Clever engineers have developed solutions for smoothening unintentional movements. Two of the more sophisticated systems are called Gimbal and Steadicam – but how do they work and what are pros and cons? And which one should you use for your movie projects?

Gimbal: Handy and affordable

The Gimbal is a comparably small and light solution: The camera is mounted on a stick, and the magic happens in the pivot that links this stick with the camera. Small electrical motors will automatically balance the camera in all horizontal axes.

This makes the Gimbal a relatively easy-to-use, out-of-the-box and reliable equipment that can be used almost instantly with a maximum of freedom. It smoothens out most of your unintentional movements when following your protagonists by foot or walking through your scenery.

Is the Gimbal the right choice for me?

Even though Gimbal is a clever and compact solution, it requires a little exercise to get used to – it is easy to learn, but hard to master. Gimbal is also definitely the solution which provides more freedom, thanks to its compact design. Last but not least, Gimbal is on the smaller side of the budget, starting at about 150 USD.

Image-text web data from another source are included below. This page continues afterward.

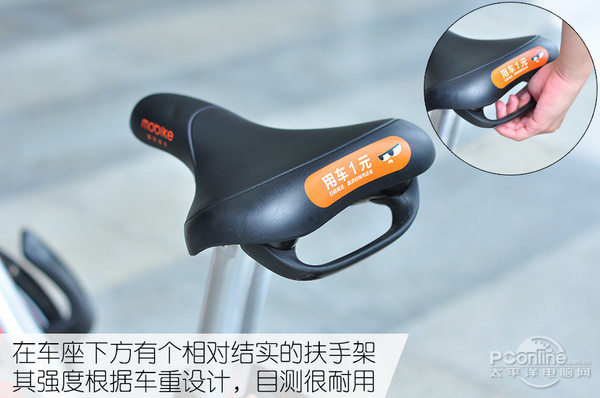 体验单车骑行,体验一把扫码骑共享电动车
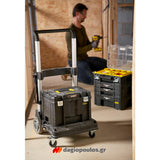 Stanley FMST1-72363 Fatmax T-Stak Καρότσι (Τρόλευ) Μεταφοράς Εργαλειοθηκών 100Kgr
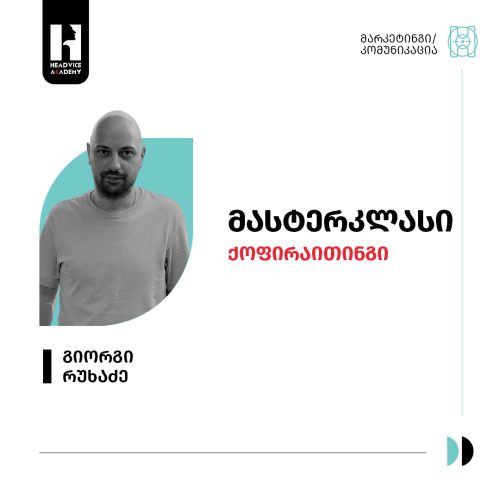 მასტერკლასი – ქოფირაითინგი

However, there is one big downside: Gimbal does not smooth out bigger vertical movements. Walking will still result in swinging shoots. This is where Steadicams come in …

Steadicam: The allrounder

Whereas the Gimbal can be held in one hand, Steadicam solutions are literally all-embracing: The camera is mounted on a flexible, counter-balanced arm with electrical motors which automatically smoothens any movement along the vertical and the horizontal axes to a maximum. Just as in an office lamp, springs reinforce the steadiness. Walking, turning and any sudden movement is compensated, even climbing stairs results in a nice and steady flow.

However, physical and financial investment are considerable:

  • The Steadicam is buckled on the torso, therefore the weight on the entire solution including the camera will rest on the spine of the cameraman.
  • Steadicam solutions are expensive. They start at around 400 Dollars.
  • Compared to the compact grip of a Gimbal, the transportation of a Steadicam can be quite a hassle.

When to use a Steadicam

The Steadicam is THE ultimate solution in situations where dolly, crane or drone cannot be used. Using a Steadicam will result in smooth and stable tracking shots across uneven grounds – something that dollies simply cannot provide.

However, the sheer size of a Steadicam will prevent you from using it in smaller spaces. And be aware that the usage of a Steadicam needs quite some experience and know-how in handling – as well as some muscles.

There is no winner, just the right choice

A comparison of Steadicam and Gimbal is like comparing apples and oranges. Both are solutions for the same problem – but they are completely different in features, price, size and handling.

For most filmmakers, a Gimbal will be the right choice in almost every situation. Its accessible and flexible usage will make their videos instantly better. Directors with ambitious high-profile projects might want to have a look at the near-perfect ironing of the Steadicam – however they should have in mind that they not only need the equipment, but also an experienced and strong person to take advantage of it. Luckily, there are Steadicam-seasoned cameramen for rent in most major cities across the US.